Segundo Power, a crise na Ucrânia foi provocada pelas "ambições de um país de redesenhar suas fronteiras".

O embaixador russo, Vitaly Churkin, reagiu à declaração afirmando que os "insultos dirigidos a seu país são inaceitáveis". "A senhora Power deve entender isto caso a delegação dos Estados Unidos deseje nossa cooperação em outros temas no Conselho de Segurança".

Churkin afirmou que o referendo realizado no domingo foi "a expressão da liberdade do povo da Crimeia", e voltou a acusar Kiev e os países do ocidente pela atual crise.

Treze dos 15 membros do Conselho de Segurança da ONU apoiaram no sábado um projeto de resolução apresentado por Washington que condenava o referendo na Crimeia, mas a Rússia utilizou seu direito de veto.

Em entrevista à rede de televisão NBC News nesta quarta-feira, o presidente americano, Barack Obama, descartou qualquer ação militar na Ucrânia, e defendeu uma sólida frente diplomática para discutir a crise com a Rússia.
"Não vamos realizar uma incursão militar na Ucrânia.
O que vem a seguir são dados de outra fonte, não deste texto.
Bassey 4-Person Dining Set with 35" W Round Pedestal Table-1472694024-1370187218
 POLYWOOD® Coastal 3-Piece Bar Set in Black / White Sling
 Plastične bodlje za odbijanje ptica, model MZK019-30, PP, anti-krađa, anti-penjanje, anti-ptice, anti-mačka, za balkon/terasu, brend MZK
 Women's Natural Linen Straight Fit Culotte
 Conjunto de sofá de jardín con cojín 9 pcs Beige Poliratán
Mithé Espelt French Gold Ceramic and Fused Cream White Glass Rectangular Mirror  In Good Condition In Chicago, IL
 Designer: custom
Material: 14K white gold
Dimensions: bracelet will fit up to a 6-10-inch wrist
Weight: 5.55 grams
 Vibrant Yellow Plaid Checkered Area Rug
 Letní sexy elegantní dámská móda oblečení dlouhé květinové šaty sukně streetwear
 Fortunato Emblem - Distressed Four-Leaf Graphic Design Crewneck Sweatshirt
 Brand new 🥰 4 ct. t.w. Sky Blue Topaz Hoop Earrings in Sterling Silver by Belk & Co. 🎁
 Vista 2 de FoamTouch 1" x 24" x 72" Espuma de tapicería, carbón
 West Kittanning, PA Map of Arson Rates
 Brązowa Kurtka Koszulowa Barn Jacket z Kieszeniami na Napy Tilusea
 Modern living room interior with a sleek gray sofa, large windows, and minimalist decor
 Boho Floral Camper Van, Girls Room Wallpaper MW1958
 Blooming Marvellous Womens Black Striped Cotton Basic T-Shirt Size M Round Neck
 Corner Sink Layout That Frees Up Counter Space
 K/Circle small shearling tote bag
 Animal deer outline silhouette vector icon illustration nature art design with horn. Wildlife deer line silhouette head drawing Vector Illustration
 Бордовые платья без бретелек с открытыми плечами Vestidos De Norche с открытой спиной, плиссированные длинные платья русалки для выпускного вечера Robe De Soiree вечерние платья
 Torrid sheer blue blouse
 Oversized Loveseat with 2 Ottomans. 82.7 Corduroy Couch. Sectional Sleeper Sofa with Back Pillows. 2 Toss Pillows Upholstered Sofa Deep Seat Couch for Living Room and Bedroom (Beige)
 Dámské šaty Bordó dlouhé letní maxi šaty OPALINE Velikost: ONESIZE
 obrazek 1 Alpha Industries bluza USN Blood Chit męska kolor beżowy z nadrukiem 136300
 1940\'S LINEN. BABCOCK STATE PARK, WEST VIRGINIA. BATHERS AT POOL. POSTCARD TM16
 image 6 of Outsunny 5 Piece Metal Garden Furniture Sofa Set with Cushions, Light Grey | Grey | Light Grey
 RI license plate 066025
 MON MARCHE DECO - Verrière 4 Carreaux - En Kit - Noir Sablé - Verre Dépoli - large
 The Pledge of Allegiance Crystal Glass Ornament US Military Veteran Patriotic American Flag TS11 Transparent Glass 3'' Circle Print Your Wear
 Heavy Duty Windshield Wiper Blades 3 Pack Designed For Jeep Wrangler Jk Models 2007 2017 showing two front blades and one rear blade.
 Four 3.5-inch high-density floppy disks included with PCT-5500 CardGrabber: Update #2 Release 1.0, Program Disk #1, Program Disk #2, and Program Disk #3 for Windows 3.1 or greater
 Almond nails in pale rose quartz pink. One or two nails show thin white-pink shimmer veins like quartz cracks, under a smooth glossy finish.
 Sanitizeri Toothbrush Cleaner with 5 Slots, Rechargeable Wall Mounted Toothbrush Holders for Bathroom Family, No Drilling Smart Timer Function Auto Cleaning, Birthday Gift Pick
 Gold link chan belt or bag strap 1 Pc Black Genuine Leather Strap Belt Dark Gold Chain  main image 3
O que faremos é mobilizar todos os nossos recursos diplomáticos para garantir que haja uma coordenação internacional forte que envie uma mensagem clara" à Rússia.

A Crimeia, com cerca de dois milhões de habitantes, a maioria russófonos, foi cedida pela Rússia à Ucrânia em 1954, quando as duas repúblicas integravam a URSS.